● **WHAT IS BEING ASKED**:
Under this line is some data; print exactly the lines from the one containing "TEMU Inch 180w" through its last line, without pictures.

● **SOURCE DATA**:

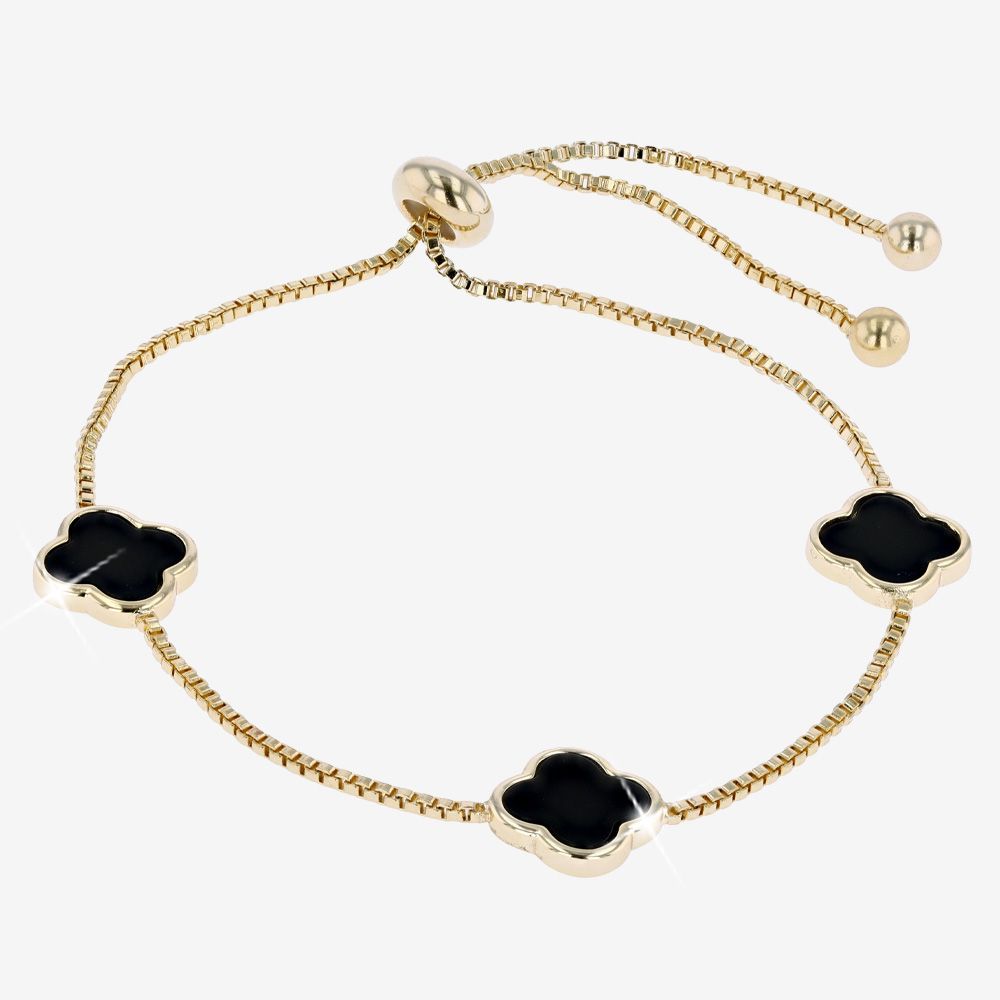 Mother Of Pearl Friendship Bracelet, 4 Leaf Clover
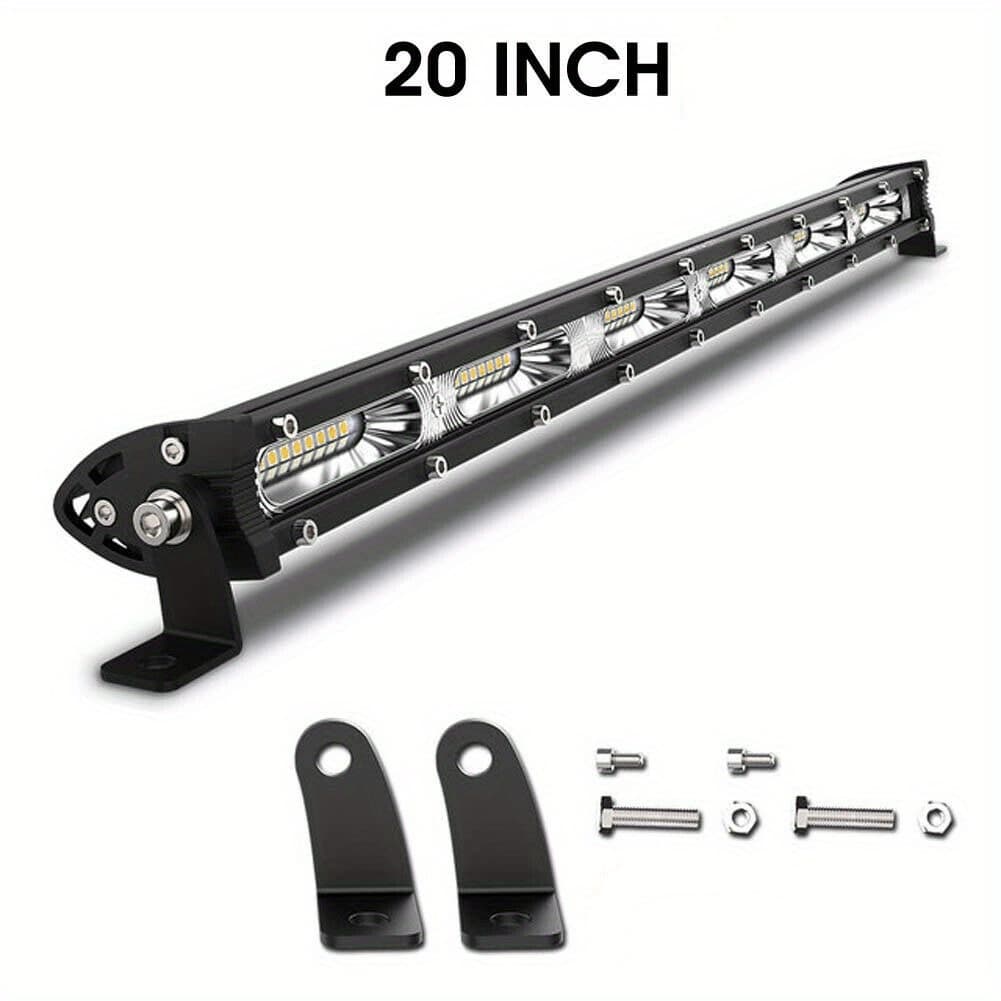 TEMU Inch 180w Offroad Light Single Row 12v 24v Led Work Lampwith Mounting Bracket & Screws Included, For Auto Atv Suv Tractor Boat Light Bar, Without Battery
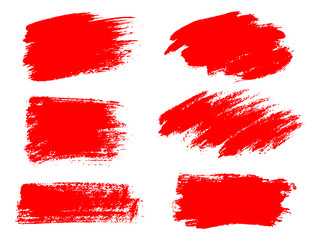 Vector red paint, ink brush stroke, brush, line or texture. Dirt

● **EXERCISE SOLUTION**:
 TEMU Inch 180w Offroad Light Single Row 12v 24v Led Work Lampwith Mounting Bracket & Screws Included, For Auto Atv Suv Tractor Boat Light Bar, Without Battery
 Vector red paint, ink brush stroke, brush, line or texture. Dirt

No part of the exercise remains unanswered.